耐震診断、改修で安全性を確保した建築物に対して全国統一のマークやプレートを表示できる「耐震診断・耐震改修マーク表示制度」について、県内では6月30日現在、松坂屋静岡店本館など9施設が制度の適用を受けている。件数は少ないものの、全国の交付件数(35件)の約4分の1を占めている。県内では4月から、耐震判定団体の静岡県建築士事務所協会(山崎善利会長)がプレートを交付。東海地震の発生が心配される中で、特定建築物の所有者に対する啓発などの取り組みに一定の成果が出ている。県士事協では判定団体として、各事業を通じて耐震化の必要性を訴えていく。
マーク表示制度は、1981年以前の旧耐震診断基準で建築された学校や百貨店、展示場など大型施設を対象に、耐震性を証明するプレートを交付するもの。
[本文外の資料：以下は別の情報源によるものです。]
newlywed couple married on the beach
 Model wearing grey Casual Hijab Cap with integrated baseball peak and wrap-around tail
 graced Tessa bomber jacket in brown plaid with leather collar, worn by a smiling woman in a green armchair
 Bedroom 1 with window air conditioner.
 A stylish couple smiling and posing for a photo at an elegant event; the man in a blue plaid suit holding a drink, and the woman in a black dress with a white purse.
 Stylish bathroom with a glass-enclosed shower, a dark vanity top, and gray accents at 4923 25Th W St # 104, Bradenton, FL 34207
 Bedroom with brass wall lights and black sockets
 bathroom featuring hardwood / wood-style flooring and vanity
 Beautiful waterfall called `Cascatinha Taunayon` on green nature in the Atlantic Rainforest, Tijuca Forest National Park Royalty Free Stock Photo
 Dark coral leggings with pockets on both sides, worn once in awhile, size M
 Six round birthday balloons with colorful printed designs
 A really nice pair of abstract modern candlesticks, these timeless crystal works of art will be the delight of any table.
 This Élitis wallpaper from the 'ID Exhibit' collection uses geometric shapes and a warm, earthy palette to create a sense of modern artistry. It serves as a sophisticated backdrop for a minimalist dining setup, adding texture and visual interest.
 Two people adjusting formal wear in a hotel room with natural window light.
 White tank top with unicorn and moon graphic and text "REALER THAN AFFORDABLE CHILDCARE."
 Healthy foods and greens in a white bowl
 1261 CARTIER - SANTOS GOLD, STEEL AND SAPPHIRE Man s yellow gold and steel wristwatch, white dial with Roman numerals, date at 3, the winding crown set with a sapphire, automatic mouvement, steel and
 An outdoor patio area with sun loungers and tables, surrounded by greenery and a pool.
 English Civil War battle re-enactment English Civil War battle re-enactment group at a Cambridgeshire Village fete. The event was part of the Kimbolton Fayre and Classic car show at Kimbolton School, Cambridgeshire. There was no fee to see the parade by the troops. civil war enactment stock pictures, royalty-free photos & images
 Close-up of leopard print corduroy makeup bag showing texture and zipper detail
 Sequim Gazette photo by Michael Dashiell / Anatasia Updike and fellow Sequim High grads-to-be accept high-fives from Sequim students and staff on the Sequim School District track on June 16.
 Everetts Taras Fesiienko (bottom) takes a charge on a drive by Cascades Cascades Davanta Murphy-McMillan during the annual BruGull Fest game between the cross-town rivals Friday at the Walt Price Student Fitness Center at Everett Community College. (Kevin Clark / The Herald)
建築物の耐震改修促進や、災害発生時の有効利用などの促進を主な狙いとしている。
2008年2月に、全都道府県の耐震化促進担当部署と建築関連団体などで構成する「既存建築物耐震診断・改修等推進全国ネットワーク委員会」(岡田恒男委員長)や日本建築防災協会などが創設した。
県内では、09年度から県建築士事務所協会が判定団体としてプレートの交付を開始。4月8日に松坂屋静岡店本館など4施設が県内で初めて制度の適用を受けている。
山崎会長は「警戒宣言発令時や地震発生時に施設の利用者が的確に対応できるよう、他の施設でも耐震化の必要性を再認識し、ぜひ耐震診断などに着手してほしい」とし、県内の特定建築物などの耐震化に期待を寄せている。